O time do Friuli é o mais interessante deste campeonato sem ter tido grandes reforços. Parte disso é porque Di Natale , agora como único atacante fixo, está explorando sua verve de goleador e virou um centroavante, mas com muita velocidade e mobilidade. Armero e Isla se alternam na defesa, fechando o setor com quatro homens e dificultando a marcação. Sanchez, a revelação do campeonato, é responsável por atacar e ocupar espaços conforme necessário. O resultado tem sido um futebol vibrante sem a indecência provida pelos Abramovichs que tentam comprar o sucesso a qualquer custo. Contratar um bom técnico, jogadores indicados por ele e dar-lhe tempo ainda é o melhor modo de montar um bom time.

Cassiano Gobbet
Cassiano Gobbet é jornalista, formado pela Universidade de São Paulo e mestre em jornalismo digital pela Bournemouth University.

10 Comments

  1. E para não parecer que é uma coisa com corintianos: torcedores de outros times tb tendem a gostar de ex-craques de seus clubes. abs

  2. A questão do ex-jogador é simples: é um rosto conhecido. O corintiano (em geral) gosta do Neto dos tempos de Corinthians e por isso, tende a gostar dele como comentarista. Não se trata de uma análise do trabalho dele como comentarista e sim, um afeto passado. Abs 🙂 e obrigado, Boni.

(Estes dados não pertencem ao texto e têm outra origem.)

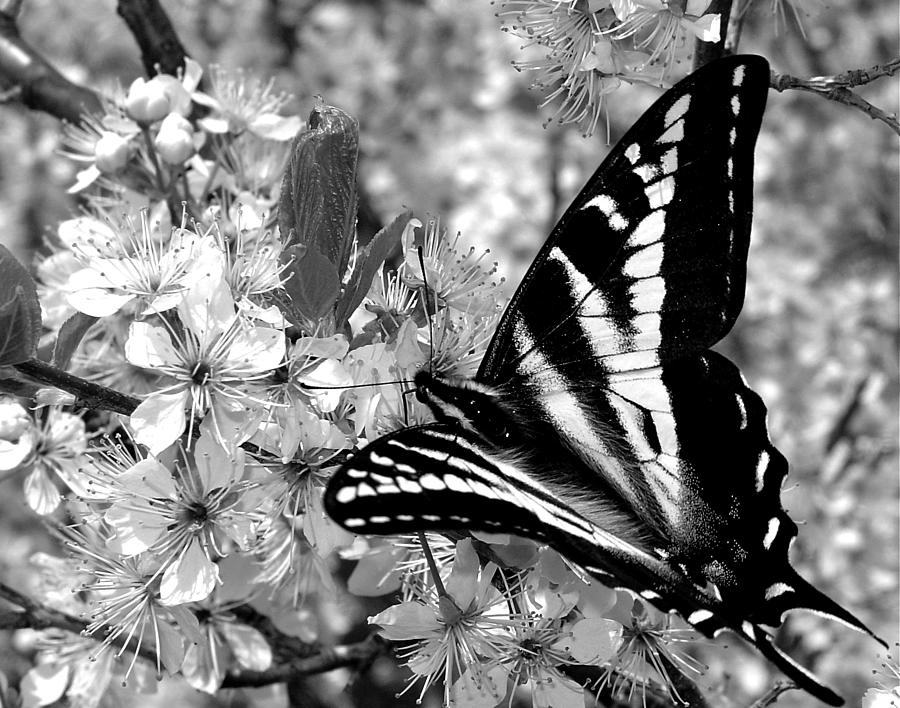 Swallowtail Butterfly and Plum Blossoms Photograph by Karon Melillo DeVega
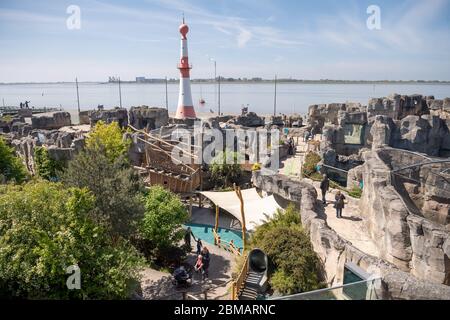 Bremerhaven, Germania. 8 maggio 2020. I visitatori camminano attraverso lo zoo vicino al mare a una distanza sicura. Per la prima volta, i visitatori hanno potuto anche dare un'occhiata da vicino alla prole dell'orso polare. Quando i due cuccioli erano abbastanza adatti per il loro primo soggiorno nel recinto esterno alla fine di marzo, lo zoo era già chiuso a causa della crisi della corona. Credit: Sina Schuldt/dpa/Alamy Live News Foto Stock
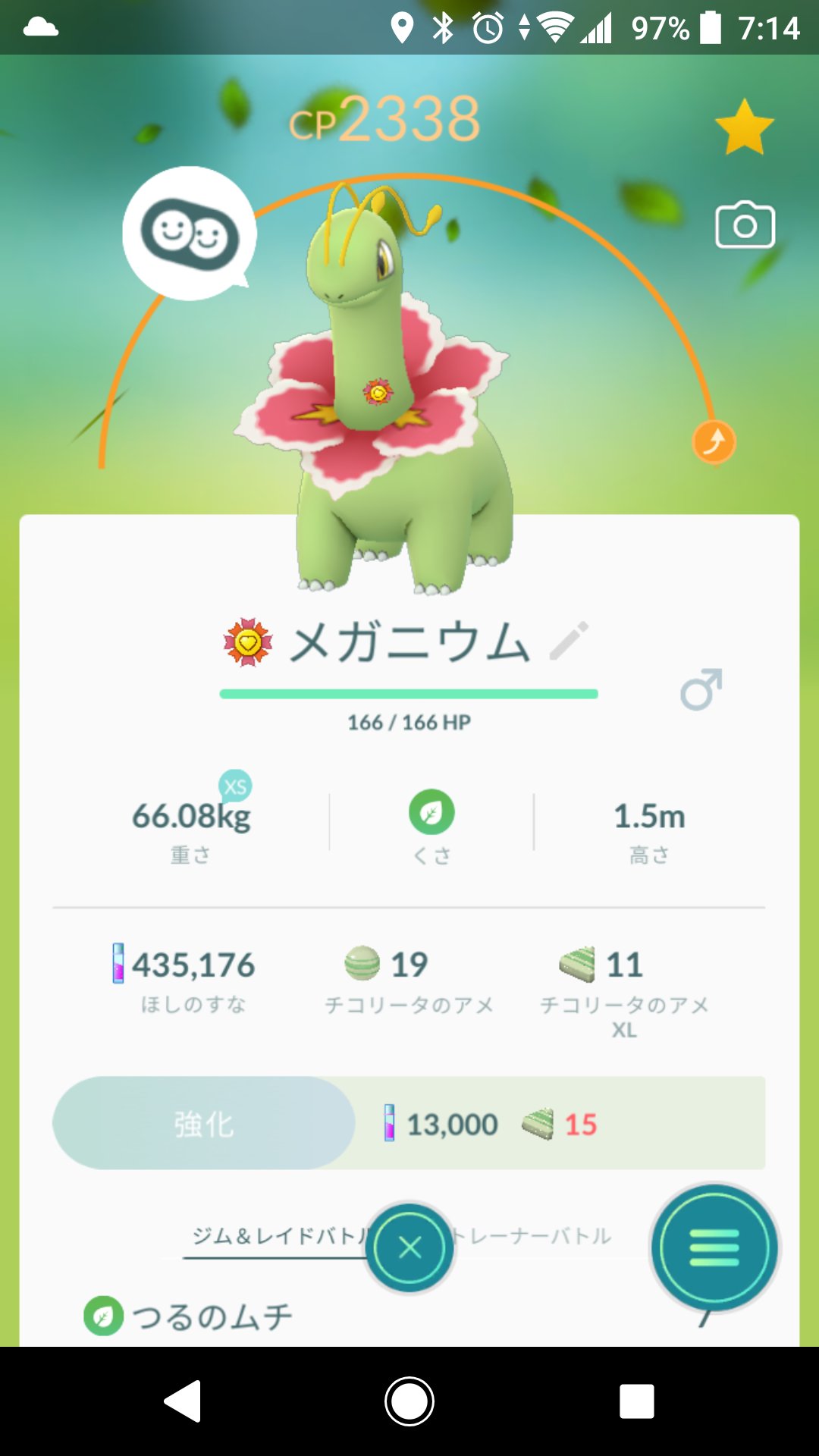 Maamポケモンgo始めました山形 通常ハイパーでムキムキメガニウム使ってみたけど強いね 鋼やギラティナに地震打てるのがいいです 早くmax強化したい ポケモンgo T Co Jqmx77ygzd Twitter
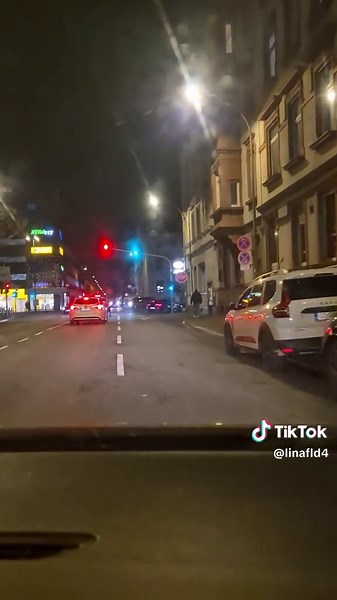 Lina (@linafld4)’s videos with original sound - 🌷N/S🍃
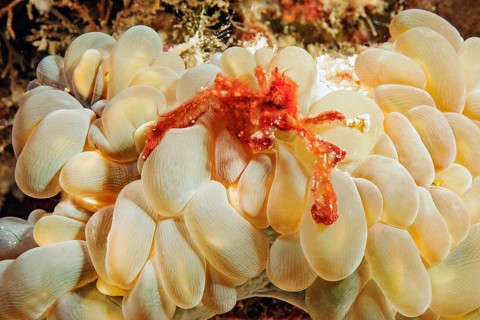 Orang-utan crab (Achaeus japonicus) (syn. Inachus japonicus) sitting on bubble anemone (Entacmaea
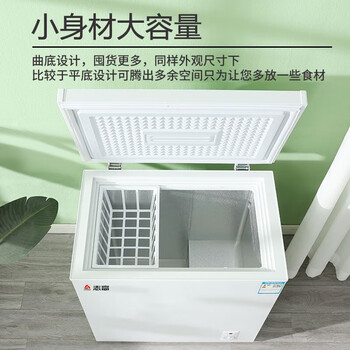 志高（CHIGO）冷柜. 家用小型一级节能省电 迷你卧式冷藏保鲜储母乳冷柜 158L单温单门【企采购】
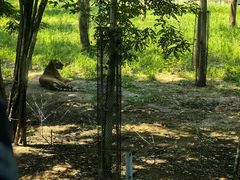 -秦皇岛野生动物园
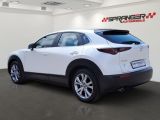 Mazda CX-30 bei Sportwagen.expert - Abbildung (12 / 13)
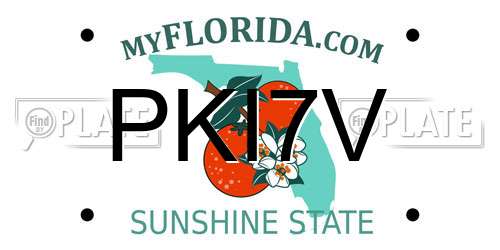 PKI7V Florida License Plate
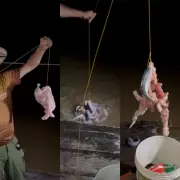 Candiru-açu devora frango inteiro em menos de 2 minutos em Rondônia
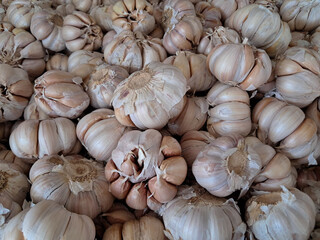 Pile of Fresh Garlic Bulbs for Cooking and Herbal Use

  3. É verdade, mas infelizmente há uma ditadura de imagem e o público gosta de ex-jogador falando. É a chamada linguagem da autoridade, afinal “o cara esteve lá”
    Acho o Bertozzi comum, nada de mais. O que ele fala ateh eu falaria. PÕE UM CURRICULO NA REDE TV CASSIANO!!! 🙂

  4. É. Mas estou em boa companhia. O Arrigo Sacchi também nunca jogou e conhece um pouco de futebol. Como ele diz, “para ser jóquei, você não precisa ter sido um cavalo”. Abs

  5. Pesa tbm o fato do Cassiano nao ter sido jogador. O público respeita mais quando a análise parte de quem jogou.

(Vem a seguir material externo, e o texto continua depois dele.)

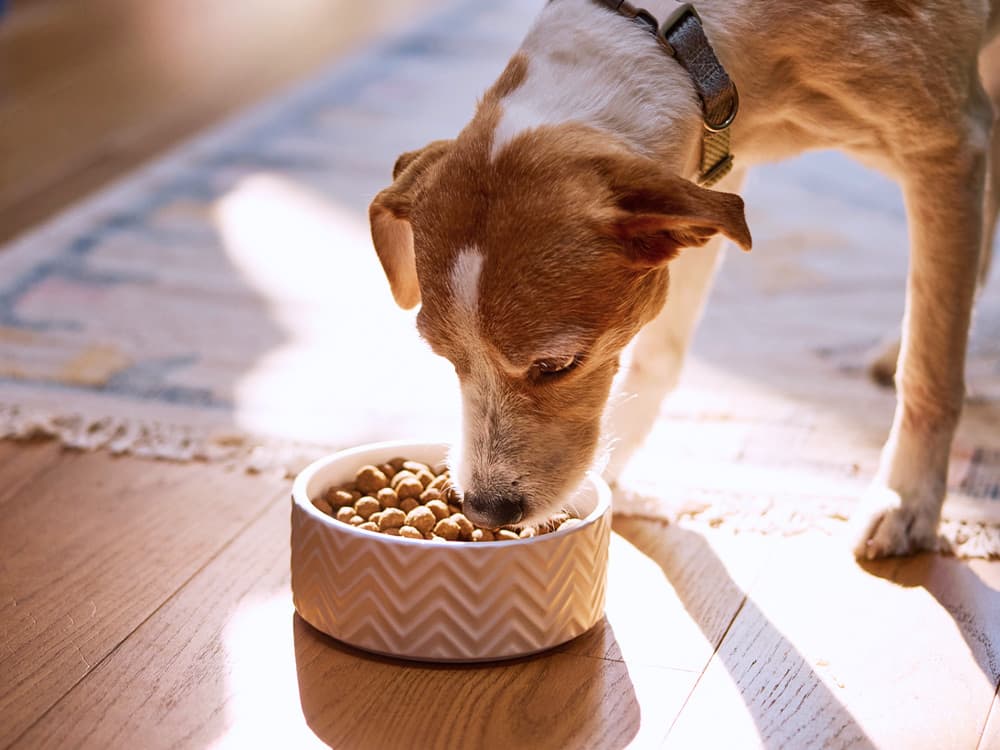 Small dog eats food placed in a ceramic bowl on the floor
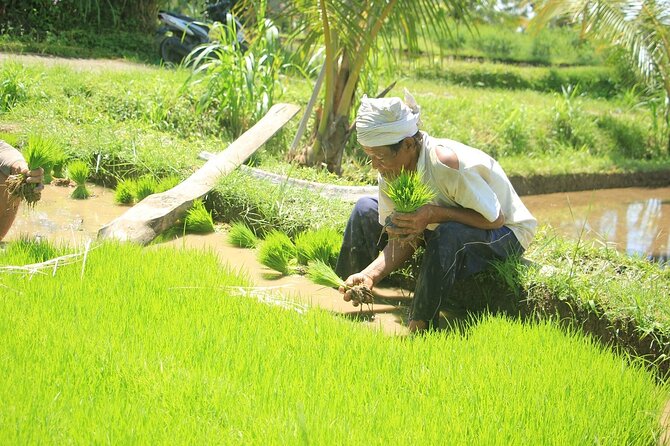 Bali Quad and Buggy Explorer Tour - Showers, snacks, and the practical finish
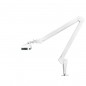 Lampe d'atelier LED elegante 801-TL avec étau intensité et couleur de la lumière blanche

  6. Grande analise! Sobre ‘Cassiano Goubet na tevê’, eu creio que poucos façam esse tipo de analise tática e ainda assim creio que a grande audiência de espectadores de tevê brasileira aberta não está preparada (ou sequer se interessa) por analises profundas.
    Abs

  7. O Mauro Beting me convidou para ir fazer isso na BandSports em 2005, mas eu estava no aeroporto indo morar na Inglaterra. Depois, as coisas acabaram não dando certo, creio eu. Mas se há bastante gente tosca na TV, também tem caras que eu respeito muito falando de futebol internacional, como o Gian Oddi, o Bertozzi, o PVC, etc. abs

  8. Esse time da Udinese é um time extremamante agradável de se ver. Um time que alguns chegaram a apontar como brigando contra o rebaixamento, hoje tem bola sim, pra até conseguir uma vaga na Liga dos Campeões.

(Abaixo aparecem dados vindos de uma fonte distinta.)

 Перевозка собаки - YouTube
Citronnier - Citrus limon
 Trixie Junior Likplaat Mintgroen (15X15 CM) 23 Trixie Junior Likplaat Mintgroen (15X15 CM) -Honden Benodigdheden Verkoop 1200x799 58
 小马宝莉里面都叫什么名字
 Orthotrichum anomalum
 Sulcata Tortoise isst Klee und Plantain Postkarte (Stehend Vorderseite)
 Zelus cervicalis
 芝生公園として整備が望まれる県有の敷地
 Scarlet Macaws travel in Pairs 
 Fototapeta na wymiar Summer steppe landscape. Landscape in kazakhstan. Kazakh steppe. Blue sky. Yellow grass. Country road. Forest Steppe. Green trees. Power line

    E pra mim, ver o Armero jogar bem na Udinese significa que não estou maluco, porque um amigo palmeirense metia o pau nele, e eu defendia ele, dizendo se tratar de um bom jogador, porém com veia totalmente ofensiva, e que num esquema com proteção, jogaria seu bom futebol.

  9. Cassiano

    me esclareça um mistério:

    Como é possível vc ainda nao ter sido chamado pra comentar as partidas do Calcio na TV? o problema é ‘QI’?

  10. Sem dúvida, inclusive um dos enigmas dessa temporada é ver Udinese e Palermo atrás da Lazio na tabela. Não tem comparação pela qualidade de jogo produzida pelos dois primeiros. Acho que aquele Hernanes inteiro das primeiras rodadas foi o diferencial, pois ele chegou 100% enquanto os outros jogadores estavam vindo de pre-season.